This time last year, I don’t think any of us in the communications industry had much idea what the next 12 months would hold for us. We were deep into the worst economic downturn since the Great Depression, and everyone was holding their breath to see what fate our industry would be dealt.
Now looking at the year in hindsight, I think we can safely begin to breathe a sigh of relief. As it’s turned out, while service providers deferred capital spending, and that hit suppliers, their own service revenues escaped fairly unscathed from the recession.
Rather than cutting back on communications services, people might instead go out to dinner and a movie less often or save on other areas of their lives. With today’s ubiquitous all-you-can-eat packages, it’s not like you can just decide not to call your friends as often to save a few bucks. You’re all in with your voice calls, texts, data and everything else, and with communications being viewed as a key lifeline, people are not so quick to pull the plug anymore.

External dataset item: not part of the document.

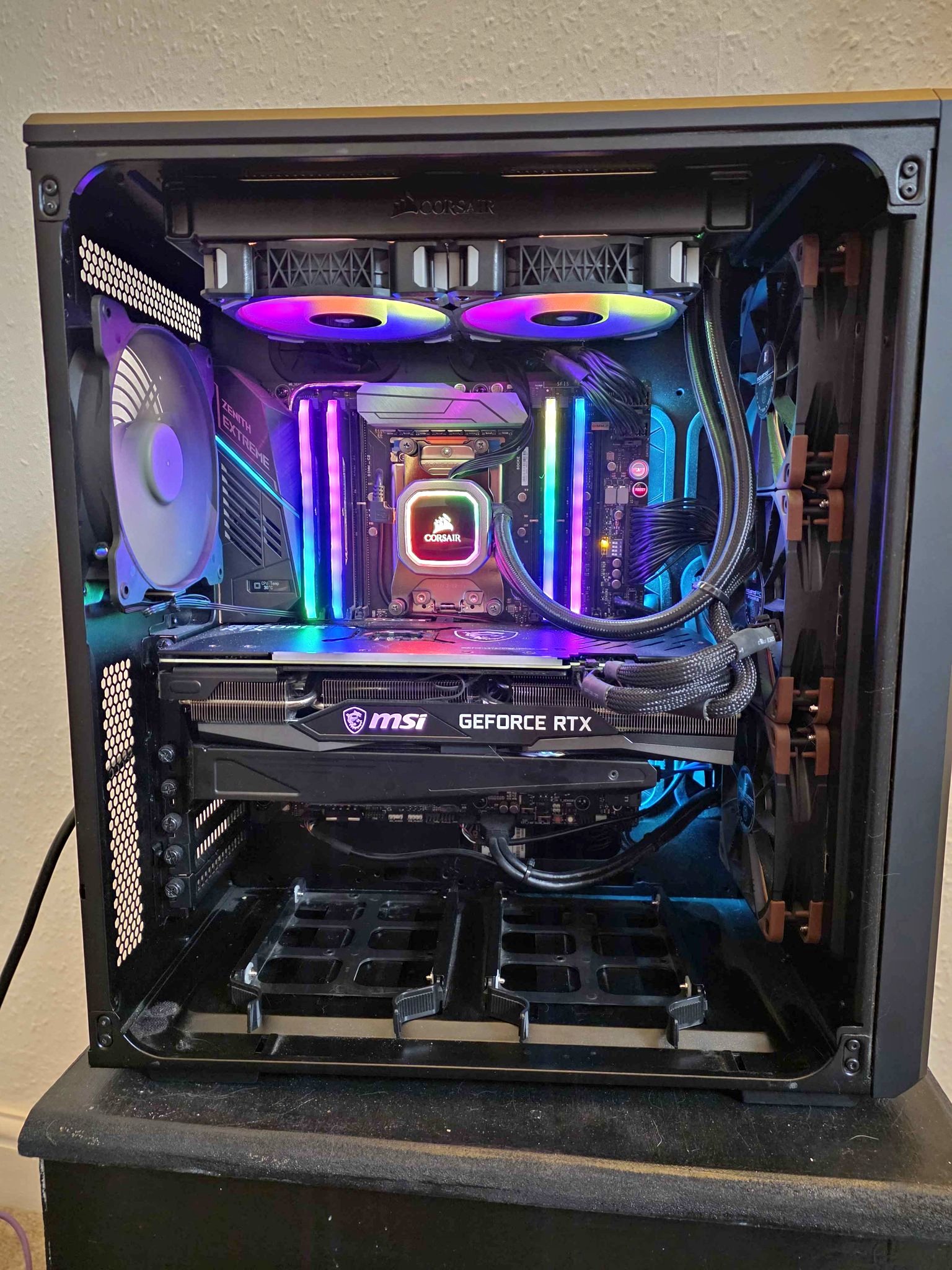 32 core threadripper PC build - Desktop Computers | Facebook ...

So while the airlines and retail shops have been badly hit, telecom sails on. There’s still the specter of a ‘W’ shaped recession of course, but it looks likely that service providers will start to ease their capital and operating freeze a bit in the New Year.
Mobilizing the Future
But even before the recession struck, there were some worried faces in service provider boardrooms around the world. Not that we should feel too sorry for a $1.4 trillion business, but the problem is lack of growth in mature markets. Outside of high growth mobile markets like India and China, the only bright spot for saturated markets has been mobile data. 3G ‘dongle’ plug-ins to PCs and the almost single-handed engine of the iPhone have driven mobile data market up around 11 percent. The growth of app stores and a pre-Christmas flurry of new smartphone releases make mobile data something that at least keeps hard bitten telecom shareholders from shorting the stock.

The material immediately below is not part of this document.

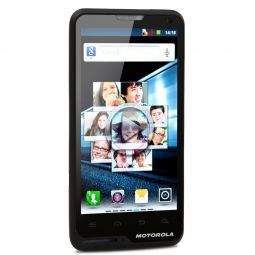 Motorola Motoluxe XT615 black Android Smartphone 8MP Kamera Touch
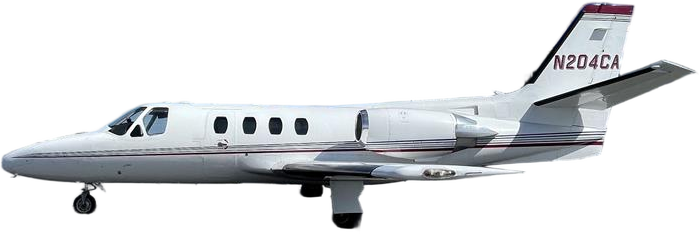 Image of tail N204CA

While mobile data is interesting, and will continue to be a hot area going forward, it’s not service providers who are really driving the market. They are a consequence of a very interesting change in behavior of users around the iPhone and the app store model. The growth of app stores is so enormous that it’s causing significant headaches for operators who are supplying the iPhone. And once Apple unbundles its exclusive deals with operators – for instance by next year in the UK, Orange and Vodafone will be offering it alongside O2 – all that new data traffic will really tax their networks.